Your reply should reproduce the data below without a single alteration, apart from dropping the images.

--------------------------------------------------

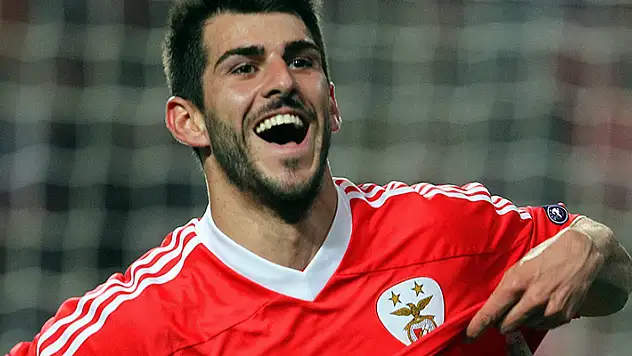Konyaspor'da Nelson Oliveira ile anlaşma tamam!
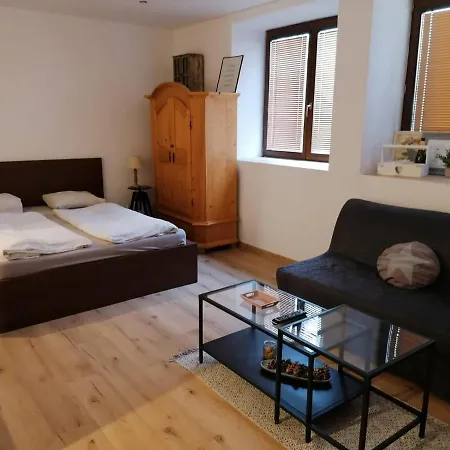 Dubnica Prejta Apartamento *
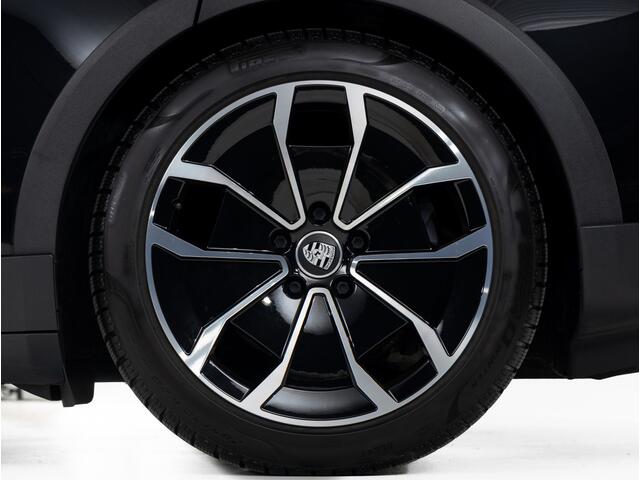 Porsche Taycan 4 Cross Turismo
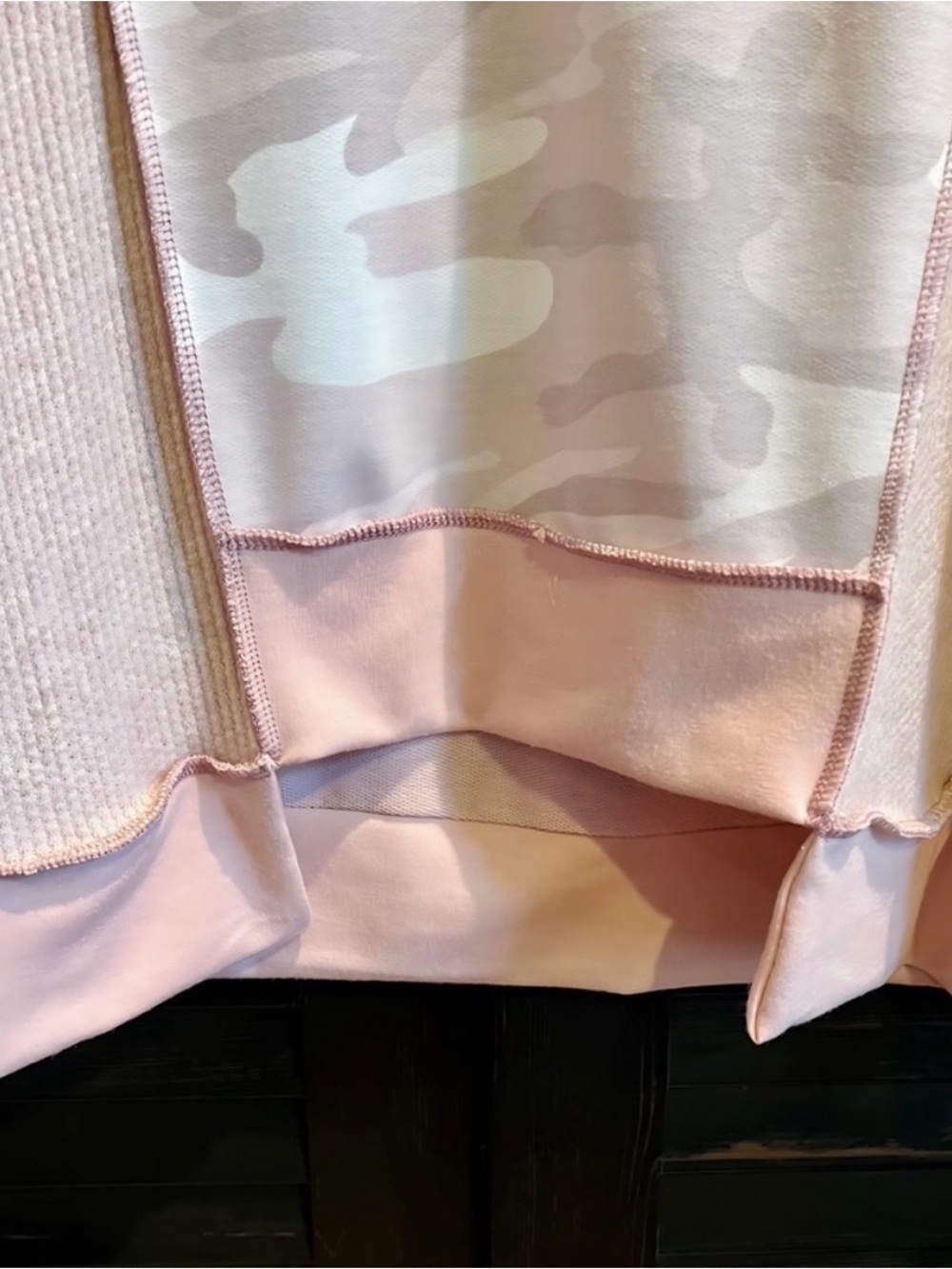 NEW! BiBi CAMO MAUVE FRENCH TERRY COLOR BLOCK W/OUT STITCH DETAIL UNEVEN HEM TOP - Picture 5 of 5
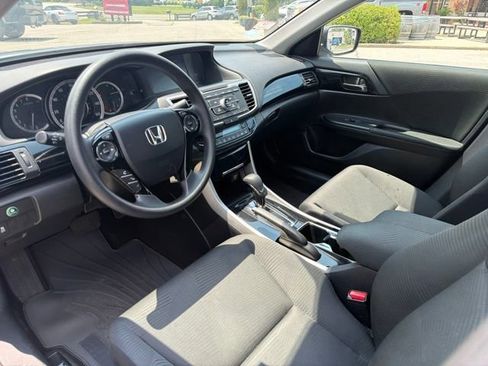 Used 2017 Honda Accord LX image 9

--------------------------------------------------

» THE ANSWER:
Konyaspor'da Nelson Oliveira ile anlaşma tamam!
 Dubnica Prejta Apartamento *
 Porsche Taycan 4 Cross Turismo
 NEW! BiBi CAMO MAUVE FRENCH TERRY COLOR BLOCK W/OUT STITCH DETAIL UNEVEN HEM TOP - Picture 5 of 5
 Used 2017 Honda Accord LX image 9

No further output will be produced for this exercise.